В середине 1960-х дети Войнаровичи нашли свою мать, поискав ее имя в манхэттенском телефонном справочнике: Долорес Война. Они улизнули на денек, провели с ней несколько часов в Музее современного искусства. Именно там, бродя по галереям, Дэвид решил стать художником. Им разрешили и другие встречи, но тут ни с того ни с сего Эд решил, что хватит с него детей, за которых он когда-то так упорно сражался, и спихнул всю троицу на Долорес. Для детей это, вероятно, было облегчением, однако квартира в Адской кухне[78] оказалась крошечной, и сама Долорес не привыкла выполнять роль матери, особенно в отношении троих теперь уже глубоко неуравновешенных детей.

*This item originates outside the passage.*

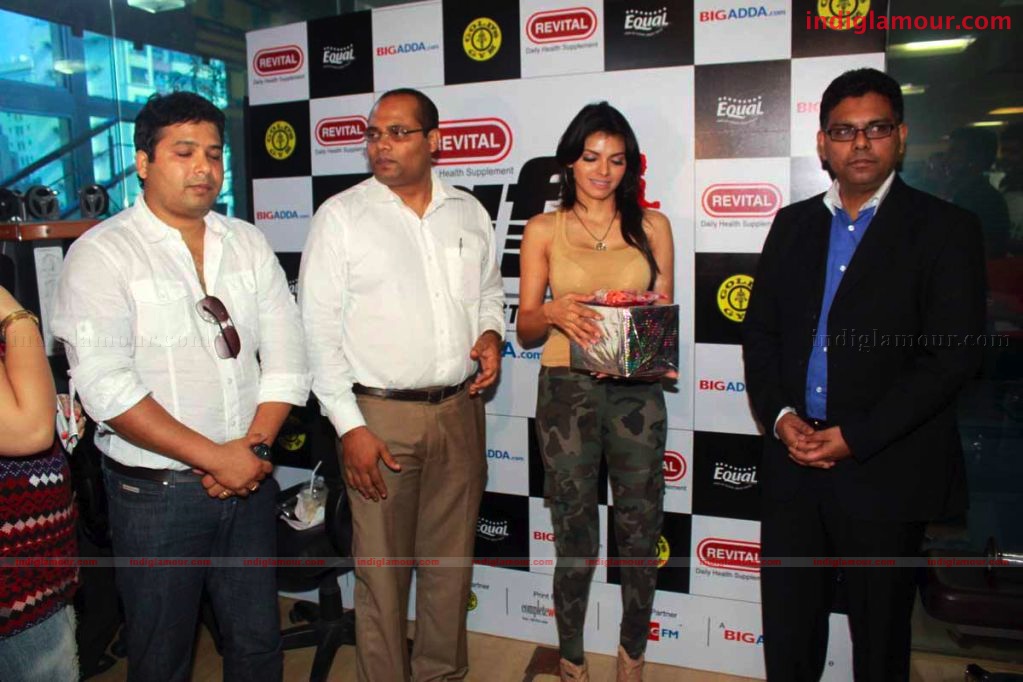 Sherlyn Chopra at Golds gym Event hd photo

Ей даже не хотелось, чтобы они звали ее мамой, и хотя она была с ними тепла и открыта, вскоре выяснилось, что она к тому же склонна к манипуляциям, непоследовательна и взбалмошна.

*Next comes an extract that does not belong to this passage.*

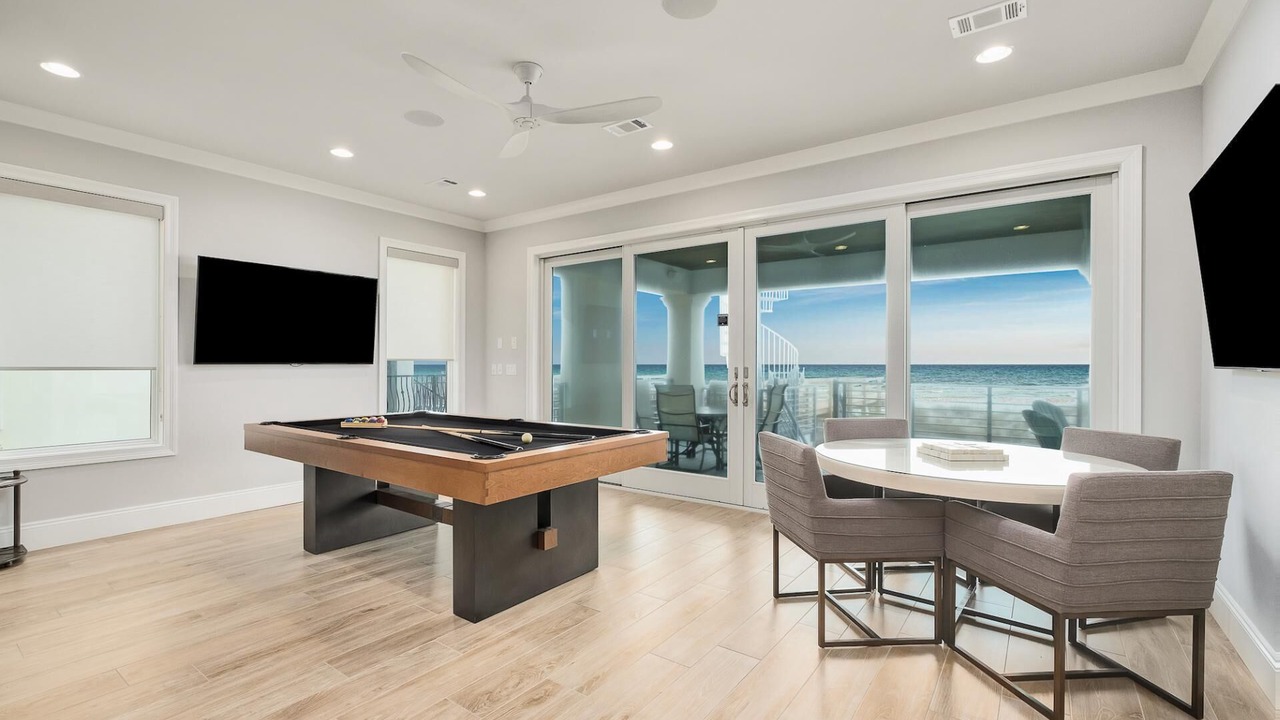 Photo of Bedroom in Miramar Beach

Нью-Йорк: запах собачьего дерьма и гниющего мусора. Крысы в кино таскают у тебя попкорн. Секс внезапно повсюду. Мужчины наперебой порывались снять Дэвида, предлагали и предлагали ему деньги. Ему снилось, что он лежит в ручье, эякулирует в воду, и затем он сказал «да» одному из тех типов, отправился с ним в квартиру у Центрального парка, хотя настоял, что поедет сам по себе, на автобусе. У него случился секс с сыном одной из материных подруг, а затем Дэвид лихорадочно обдумывал, не убить ли того, чуть ли не в истерике от страха, что семья юноши все узнает и Дэвида вышлют в психушку, где его точно станут лечить электрошоком. Видно ли это по его лицу — что́ он наделал и, хуже того, до чего ему это понравилось? Выяснить, что ты гей, в ту пору было не самым лучшим: до Стоунуоллских бунтов, запустивших движение за свободу геев, оставалась еще пара лет. Дэвид сходил в местную библиотеку — выяснить, что означает «пидор». Сведения оказались скудными, искаженными, удручающими: длинный перечень маменькиных сынков и извращенцев, членовредительств и самоубийств.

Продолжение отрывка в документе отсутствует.